How 'Black Swan' Suddenly Became a Best Picture Contender
The Natalie Portman film is raising its profile ahead of an expanded release at the box office next weekend.
Broad sellouts in limited release and early awards-season acclaim suddenly have lifted Fox Searchlight's Black Swan into an Oscar best picture contender, just as the Natalie Portman starrer prepares to spread its theatrical wings wide next weekend.
Academy Award nominations won't be announced until Jan. 25, so the most immediate drama for the ballet-themed suspense thriller begins Friday, when Swan adds more than 900 playdates for more than 1,000 total engagements. Toting $5.6 million in cumulative box office through two frames in limited release, Swan last weekend collected $3.3 million from just 90 domestic locations for an auspicious $37,000 theater average.
Set in the competitive world of professional ballet, Swan was directed by Darren Aronofsky (The Wrestler) with co-stars including Mila Kunis, Vincent Cassel and Barbara Hershey.

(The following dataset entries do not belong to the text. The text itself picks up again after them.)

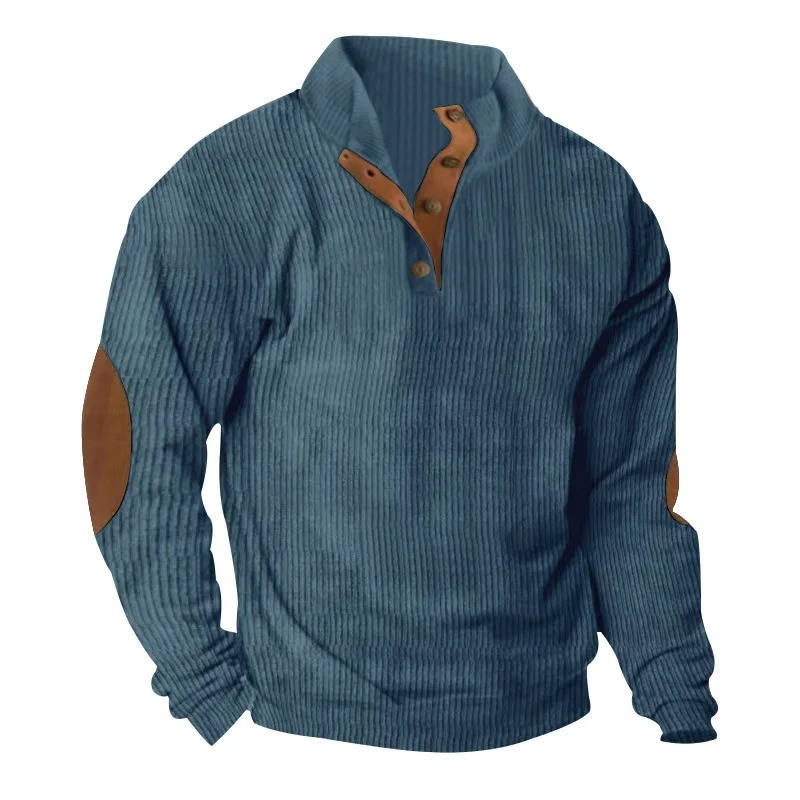 Fleece Lined Pullover Sweater with Button Neck Closure and Elbow Patches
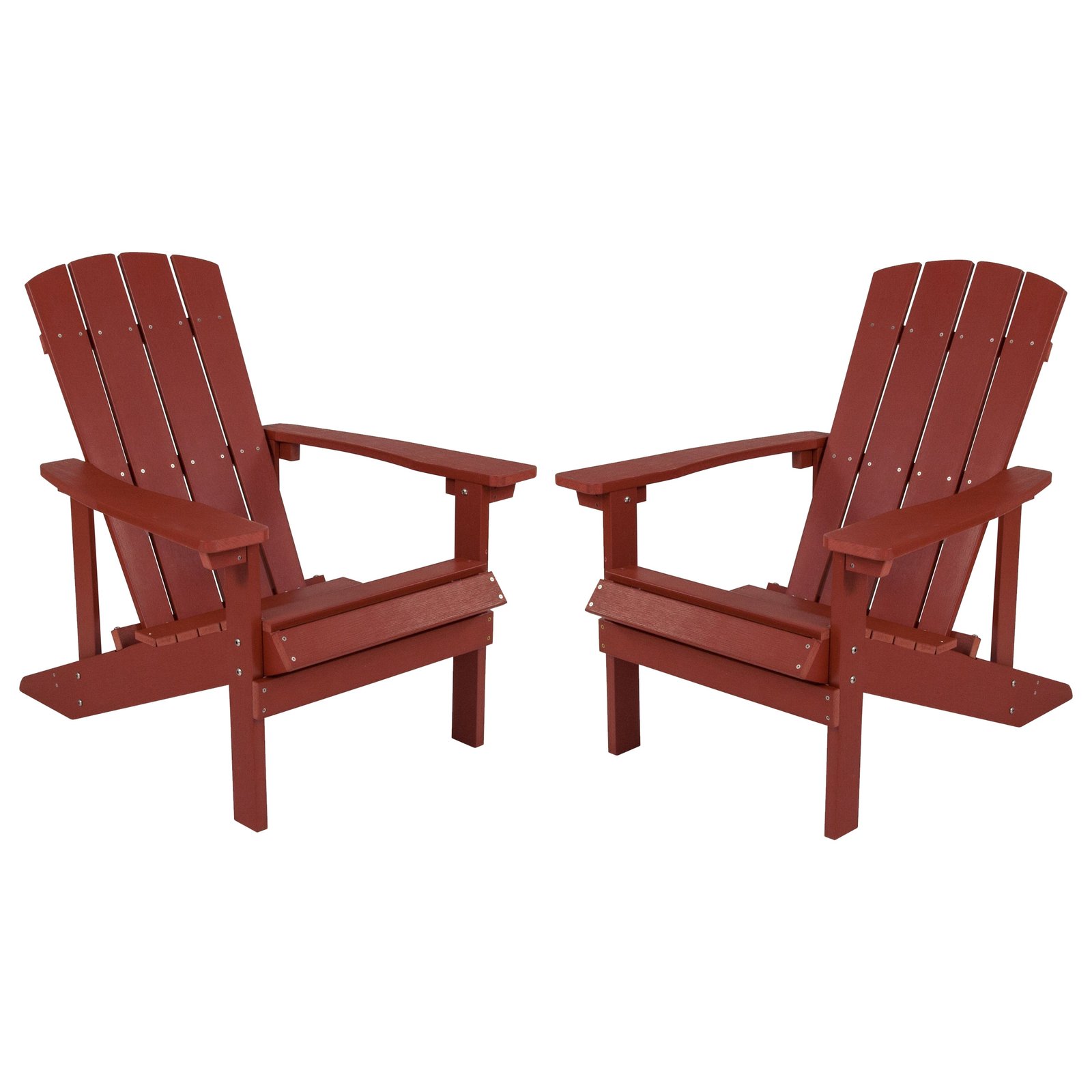 2 Pack Outdoor All-Weather Poly Resin Wood Adirondack Chairs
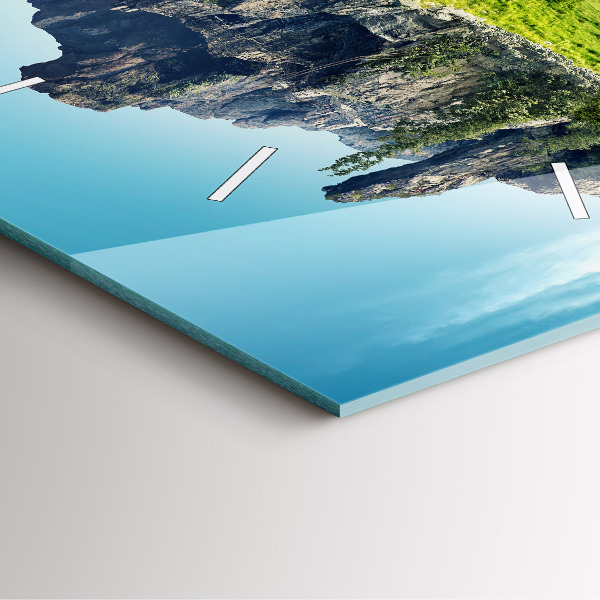 Čtvercové nástěnné hodiny Létající ostrov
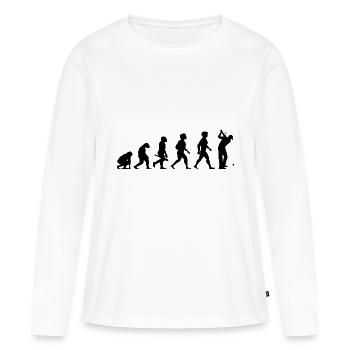 Evolution Golf Golfer Golfer Terrain de golf - T-shirt manches longues Premium bio Femme - blanc - Devant - Julia (174cm)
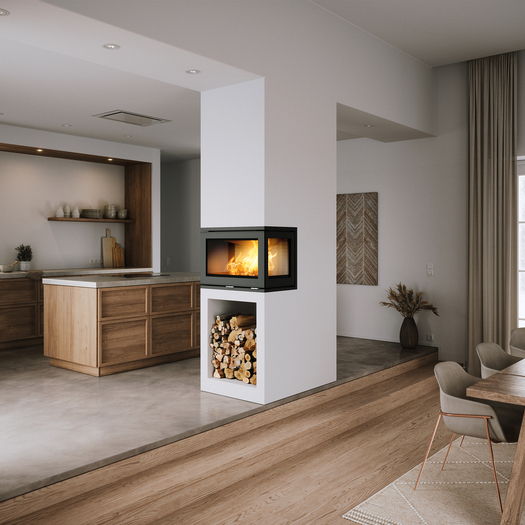 R-500 three sided Wood fireplace insert R-500 three sided, installed between kitchen and dining room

"We knew it was challenging subject matter, but we made a bet on Darren Aronofsky and Natalie Portman," Searchlight co-topper Steve Gilulua said Monday. "What's been a very pleasant surprise is that is seems to be resonating with a broader audience so early."
Swan has been playing to audiences skewing about 55% female. "We keep hearing anecdotally about women who have seen it two or three times already," Gilula said.
Meantime, the American Film Institute named Swan one of 2010's 10 best movies during the weekend. That should bolter its Oscar credentials ahead of the Academy's 10 best picture nominations, though AFI considers only American productions and thus relegated much-praised British drama The King's Speech to a special award.
Also during the weekend, members of the Broadcast Film Critics Assn. swooned for Swan with a record 12 Critics' Choice Movie Awards nominations in categories including best picture. The one-two kudos coup, combined with another big weekend of limited play, sets Swan up nicely to draught off of its critical praise at the box office and simultaneously bolster its awards prospects by displaying even clearer commercial traction.
Searchlight has made a habit of combining mass appeal with critical praise.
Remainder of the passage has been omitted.